Employee Recognition Programs : Why Spending 2% Of Salary Is Bad Advice.

One of the most pleasurable aspects of defining any software, is the conversion of your logic, strategic thinking and “common sense”, into a living feature that clients want, and if you are very lucky, love. You know your industry inside out, you know you are swimming against the tide, you have considered all the config variables you need, in fact you have analysed the socks off your latest feature to the point of destruction.

It’s now time to share your latest idea with conviction, and be introduced to the business equivalent of a “comedy roast”. ( This might just be a Workstars thing ).

What does this off-piste introduction have to do with your HR team, and employee recognition strategy? Hopefully everything.

There is not a HR Director on the globe who thinks they will gain greater impact and insight from their current employee recognition program by increasing centralised or local, reward budgets. In fact, I would go as far to say that those that have slowly allowed a culture of high reward to exist, are now gently filling their hole and re -balancing the emphasis and expectation. This starts by understanding the act of recognition better, and it’s role within engagement, encouraging leadership, cross department and customer recognition and most likely focusing on the all often missing, manager effectiveness.

If you work in HR and are looking at getting your employee recognition strategy started, be warned, you need to get reward right.

I always feel compelled to clear up reward within the context of the employee recognition industry.  Vouchers, perks, e-codes, widgets, gadgets, activities, time? The broader non-cash reward industry is estimated to be as high as $46 billion, it’s fragmented and it’s huge.

Since the start of Workstars social employee recognition journey, we have built our own logic, strategic thinking and business around a simple saying; “You don’t need to give me a million dollars, to make me feel a million dollars”, (A strange motto for a British company, however, it just does not work as well in pounds). No matter how harsh mine or others roasting’s have been, we have stayed consistently focussed on providing HR professionals with a SaaS solution that is free of any reward imposition, constraint, or volume commitment.

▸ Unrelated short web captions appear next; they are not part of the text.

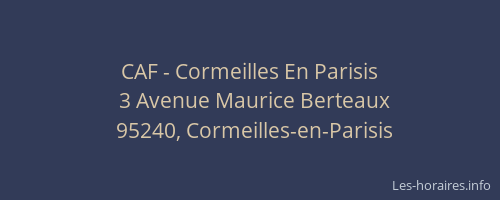 CAF - Cormeilles En Parisis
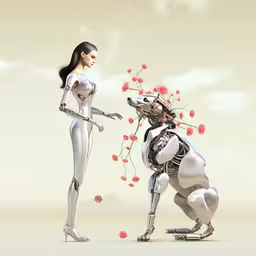 two robots looking at each other in the air,two futuristic people standing in front of an object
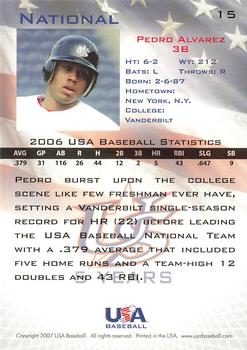 2006-07 USA Baseball Box Set  #15 Pedro Alvarez Back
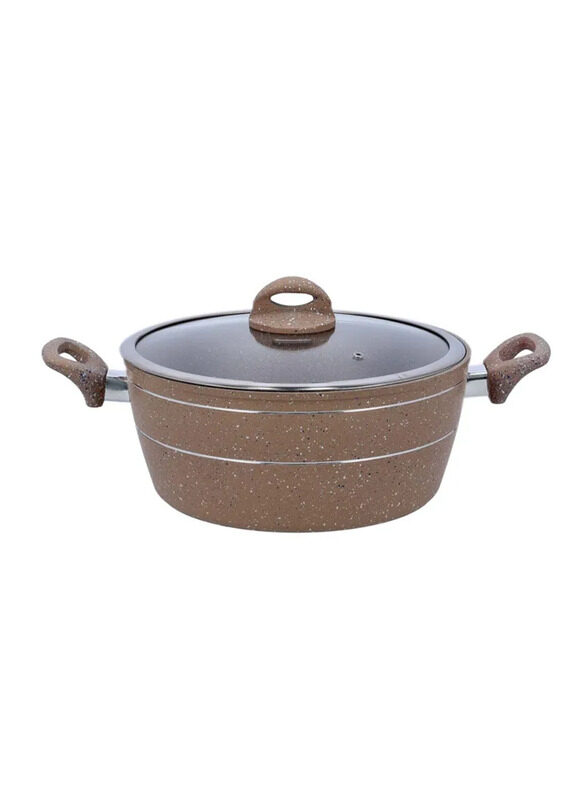 

Royalford 32cm Non-Stick Coating Granite Smart Casserole With Lid Set, RF9472BGE, Beige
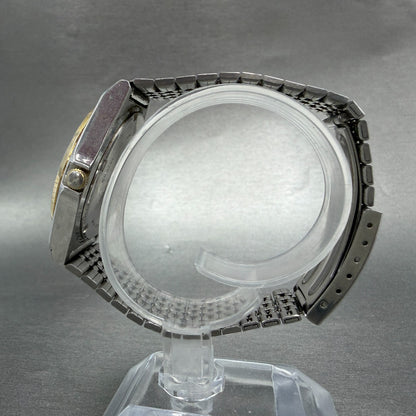 Seiko Alba Watch Men 35mm White Dial Two Tone Daydate V743-8a10 New Battery J7T6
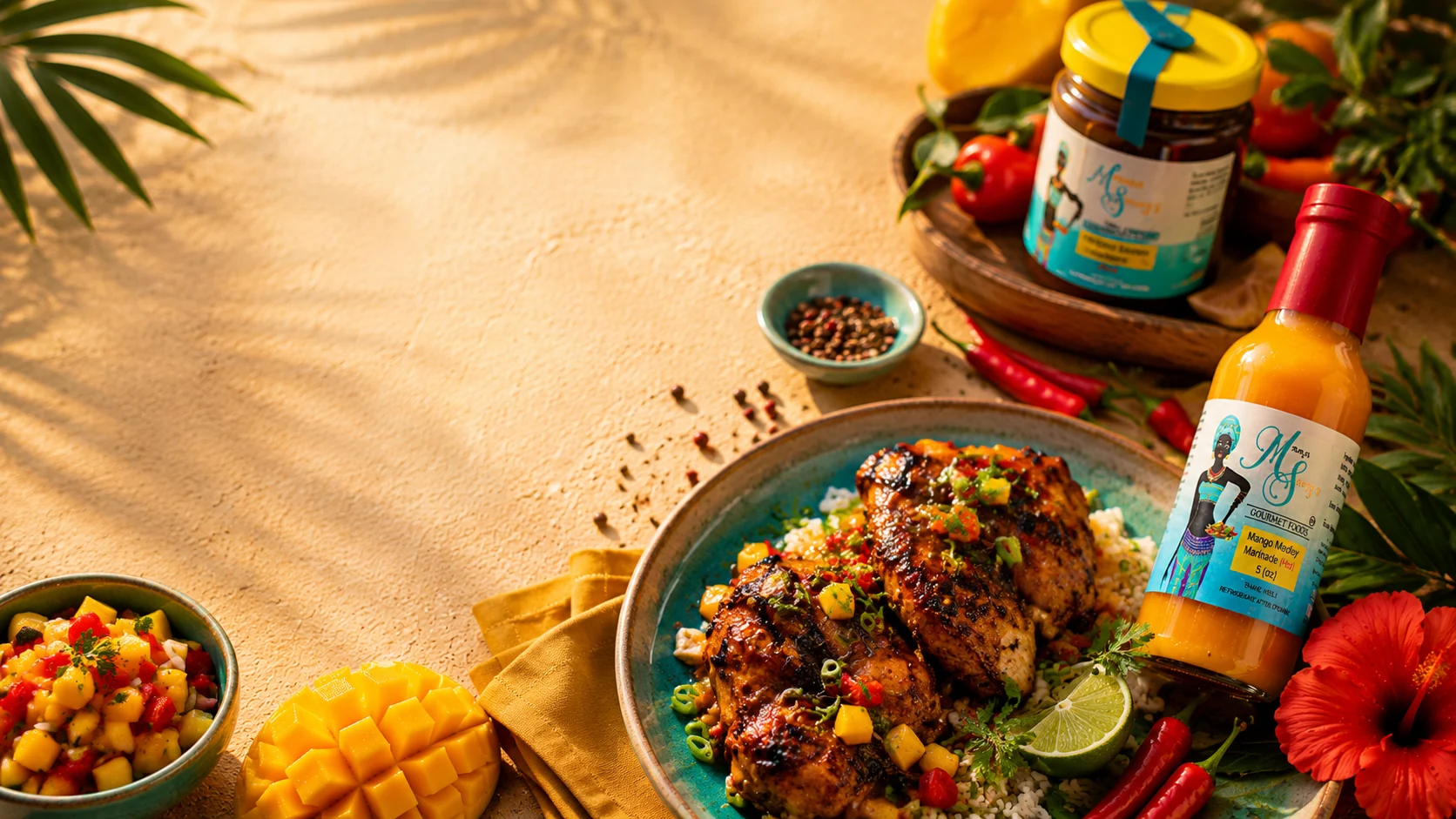 Caribbean recipes with Mama Sassy sauces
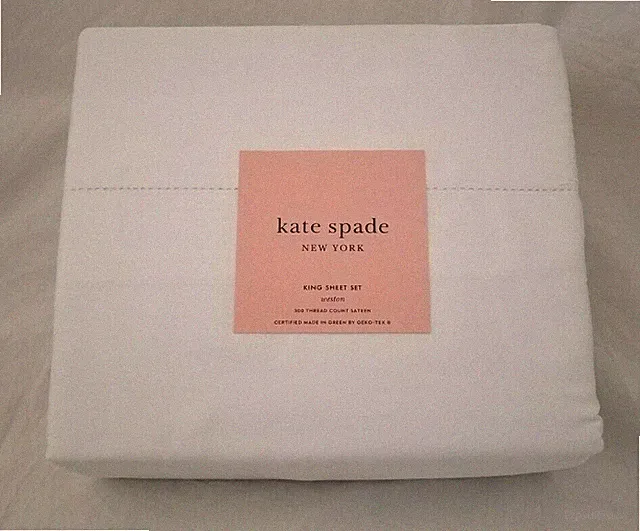 4 pc Kate Spade NY Weston 300 TC White King Sheet Set NIP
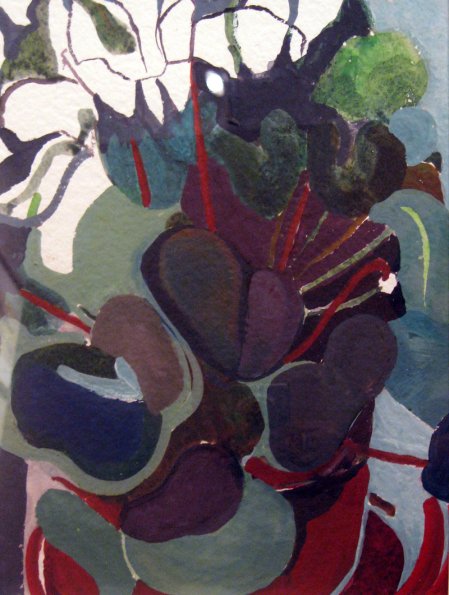 Cyclamens, oil on paper,12x9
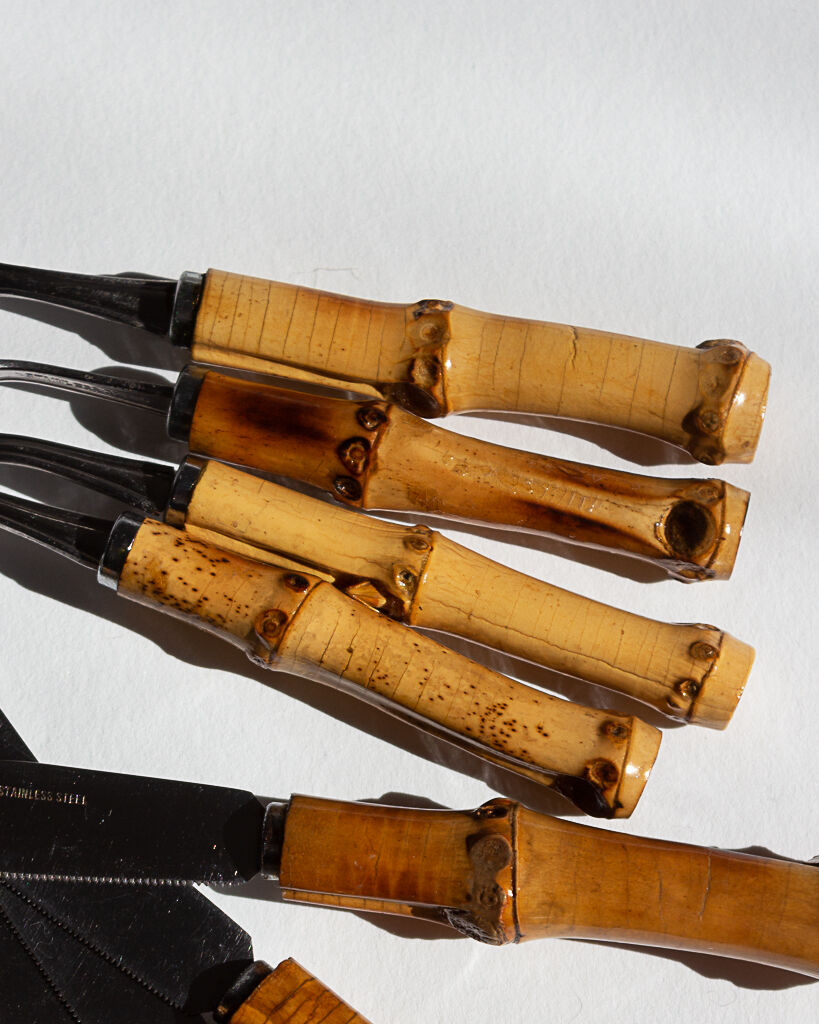 Bamboo cutlery set for 4 people, 60s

This is a key business model shift for the employee recognition industry and means we can actually look at what works , swim a little harder into the tide and confidently say, HR need really small reward budgets.

Until social recognition arrived, it had been impossible to tap into the undeniable pleasure and emotional uplift experienced from giving recognition, or the learning and behaviour influence from seeing, sharing and celebrating values, and excellence. When we talk about HR having an employee recognition strategy, employee expression by observing and advancing the strengths of others, is right at the top. Giving and sharing recognition is highly motivational in it’s own right,  however for it to thrive and be 100% trust based,  reward has to be seen separately, secondary or occasionally, not as the process itself.

Now add into the mix the arrival of e-code and social gifting technology, where you can easily deliver a small, instant, and high impact €20 or £10 code to your phone, free of delivery but still full of meaning. Put the two together and you have to ask at what point does your strategy, and in turn your culture, cross the line from appreciation and admiration, to compensation and expectation, I would argue very quickly.

So, the next time you read an article stating you should be spending at least 2% of salary on employee recognition, maybe they are talking about the transaction of service awards which are more about expectation, or loosely termed sales recognition (compensation).  My suggestion would be start with 0.3% or 0.4% of salary, maybe increase a little as you go, expect managers to be great, don’t let reward ruin things and focus on appreciation and admiration.